Chapter the Thirty-third

Picking his teeth with a silver quill, "Friends," said he, "it was not convenient for me to come into the dining-room just yet, but for fear my absence should cause you any inconvenience, I gave over my own pleasure: permit me, however, to finish my game." A slave followed with a terebinth table and crystal dice, and I noted one piece of luxury that was superlative; for instead of black and white pieces, he used gold and silver coins. He kept up a continual flow of various coarse expressions. We were still dallying with the relishes when a tray was brought in, on which was a basket containing a wooden hen with her wings rounded and spread out as if she were brooding. Two slaves instantly approached, and to the accompaniment of music, commenced to feel around in the straw. They pulled out some pea-hen's eggs, which they distributed among the diners. Turning his head, Trimalchio saw what was going on. "Friends," he remarked. "I ordered pea-hen's eggs set under the hen, but I'm afraid they're addled, by Hercules I am let's try them anyhow, and see if they're still fit to suck." We picked up our spoons, each of which weighed not less than half a pound, and punctured the shells, which were made of flour and dough, and as a matter of fact, I very nearly threw mine away for it seemed to me that a chick had formed already, but upon hearing an old experienced guest vow, "There must be something good here," I broke open the shell with my hand and discovered a fine fat fig-pecker, imbedded in a yolk seasoned with pepper.

Chapter the Thirty-fourth

Having finished his game, Trimalchio was served with a helping of everything and was announcing in a loud voice his willingness to join anyone in a second cup of honied wine, when, to a flourish of music, the relishes were suddenly whisked away by a singing chorus, but a small dish happened to fall to the floor, in the scurry, and a slave picked it up. Seeing this, Trimalchio ordered that the boy be punished by a box on the ear, and made him throw it down again; a janitor followed with his broom and swept the silver dish away among the litter. Next followed two long-haired Ethiopians, carrying small leather bottles, such as are commonly seen in the hands of those who sprinkle sand in the arena, and poured wine upon our hands, for no one offered us water. When complimented upon these elegant extras, the host cried out, "Mars loves a fair fight: and so I ordered each one a separate table: that way these stinking slaves won't make us so hot with their crowding." Some glass bottles carefully sealed with gypsum were brought in at that instant; a label bearing this inscription was fastened to the neck of each one:


While we were studying the labels, Trimalchio clapped his hands and cried, "Ah me! To think that wine lives longer than poor little man. Let's fill 'em up!
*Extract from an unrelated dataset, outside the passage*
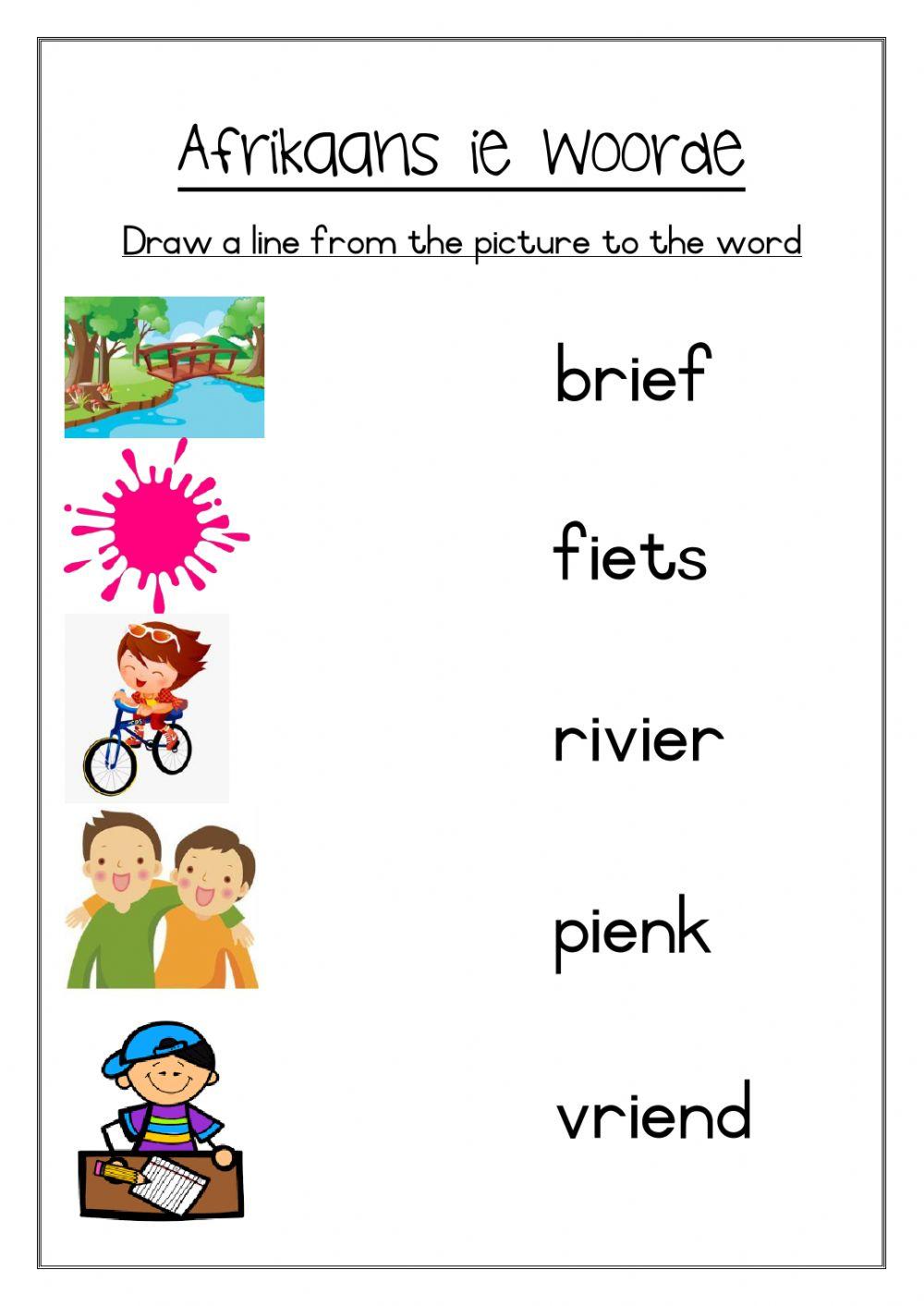 Afrikaans ie words worksheet 1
There's life in wine and this is the real Opimian, you can take my word for that. I offered no such vintage yesterday, though my guests were far more respectable." We were tippling away and extolling all these elegant devices, when a slave brought in a silver skeleton, so contrived that the joints and movable vertebra could be turned in any direction. He threw it down upon the table a time or two, and its mobile articulation caused it to assume grotesque attitudes, whereupon Trimalchio chimed in:

"Poor man is nothing in the scheme of things
And Orcus grips us and to Hades flings
Our bones! This skeleton before us here
Is as important as we ever were!
Let's live then while we may and life is dear."

Chapter the Thirty-fifth

The applause was followed by a course which, by its oddity, drew every eye, but it did not come up to our expectations. There was a circular tray around which were displayed the signs of the zodiac, and upon each sign the caterer had placed the food best in keeping with it. Ram's vetches on Aries, a piece of beef on Taurus, kidneys and lamb's fry on Gemini, a crown on Cancer, the womb of an unfarrowed sow on Virgo, an African fig on Leo, on Libra a balance, one pan of which held a tart and the other a cake, a small seafish on Scorpio, a bull's eye on Sagittarius, a sea lobster on Capricornus, a goose on Aquarius and two mullets on Pisces. In the middle lay a piece of cut sod upon which rested a honeycomb with the grass arranged around it. An Egyptian slave passed bread around from a silver oven and in a most discordant voice twisted out a song in the manner of the mime in the musical farce called Laserpitium. Seeing that we were rather depressed at the prospect of busying ourselves with such vile fare, Trimalchio urged us to fall to: "Let us fall to, gentlemen, I beg of you, this is only the sauce!"

Chapter the Thirty-sixth

While he was speaking, four dancers ran in to the time of the music, and removed the upper part of the tray. Beneath, on what seemed to be another tray, we caught sight of stuffed capons and sows' bellies, and in the middle, a hare equipped with wings to resemble Pegasus. At the corners of the tray we also noted four figures of Marsyas and from their bladders spouted a highly spiced sauce upon fish which were swimming about as if in a tide-race. All of us echoed the applause which was started by the servants, and fell to upon these exquisite delicacies, with a laugh. "Carver," cried Trimalchio, no less delighted with the artifice practised upon us, and the carver appeared immediately. Timing his strokes to the beat of the music he cut up the meat in such a fashion as to lead you to think that a gladiator was fighting from a chariot to the accompaniment of a water-organ. Every now and then Trimalchio would repeat "Carver, Carver," in a low voice, until I finally came to the conclusion that some joke was meant in repeating a word so frequently, so I did not scruple to question him who reclined above me. As he had often experienced byplay of this sort he explained, "You see that fellow who is carving the meat, don't you? Well, his name is Carver. Whenever Trimalchio says Carver, carve her, by the same word, he both calls and commands!"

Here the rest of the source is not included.